During my research for my historical novels, I find some interesting if not odd stuff. In my next few blogs, I’ll share some of my findings. Today, I’ll share the surprising information I found about home moving. When I think of moving, I visualize packing everything up and moving to a new home. I stumbled across a few interesting facts about home moving. I mean picking up the home and moving it, not relocating.  Not only did an occasional resident decide to move their home across town, but also during the 19th century whole communities packed up everything, including their houses and relocated the town to a better spot. Possibly to be further away from a flooding river or closer to the railroad.

house moving 2

These were not mobile homes, or the tent cities often erected for miners, but cabins and framed homes. Some were taken apart log by log. The disassembled parts hauled in by wagon, train or boat and reassembled in the new location. Some homes, and here is the fascinating part, were placed on flat bed wagons and a team of mules hauled the house to its new location. Others were pushed along a log conveyor. As the house passed over one log it was picked up and a runner took it to the front of the long line of logs. The logs turned under the motion of the home being pulled by a team of horses. This continued for miles until the house was at its new location.  This was no small undertaking.

 

Moving a house in San Francisco, 1908

Thisisa home being moved in 1901.

 

My mind envisions small cabins.
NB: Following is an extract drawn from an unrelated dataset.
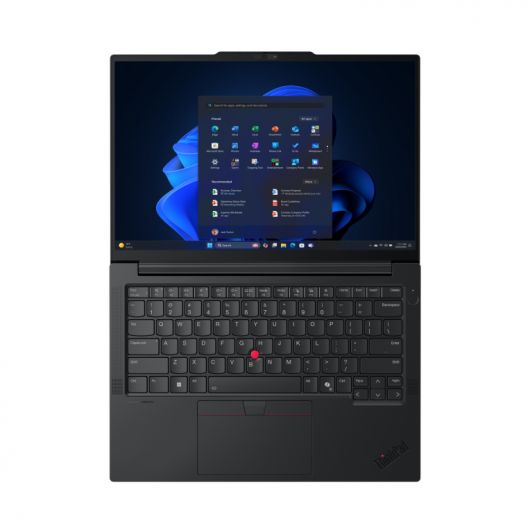 Portatil Lenovo ThinkPad E14 G7 U7 255U 16GB 512GB 14'WUXGA W11P Negro 6 Portatil Lenovo ThinkPad E14 G7 U7 255U 16GB 512GB 14'WUXGA W11P Negro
But as you can see by the pictures, some buildings were quite large. The one advantage over modern day house moving, there was no electricity or plumbing to disconnect. Even so I can’t imagine how moving your house was more economical than selling and rebuilding.

This whole revelation made me wonder what kind of story could revolve around moving an entire town.

Readers, give me some ideas of what kind of story could be set amid a town’s relocation.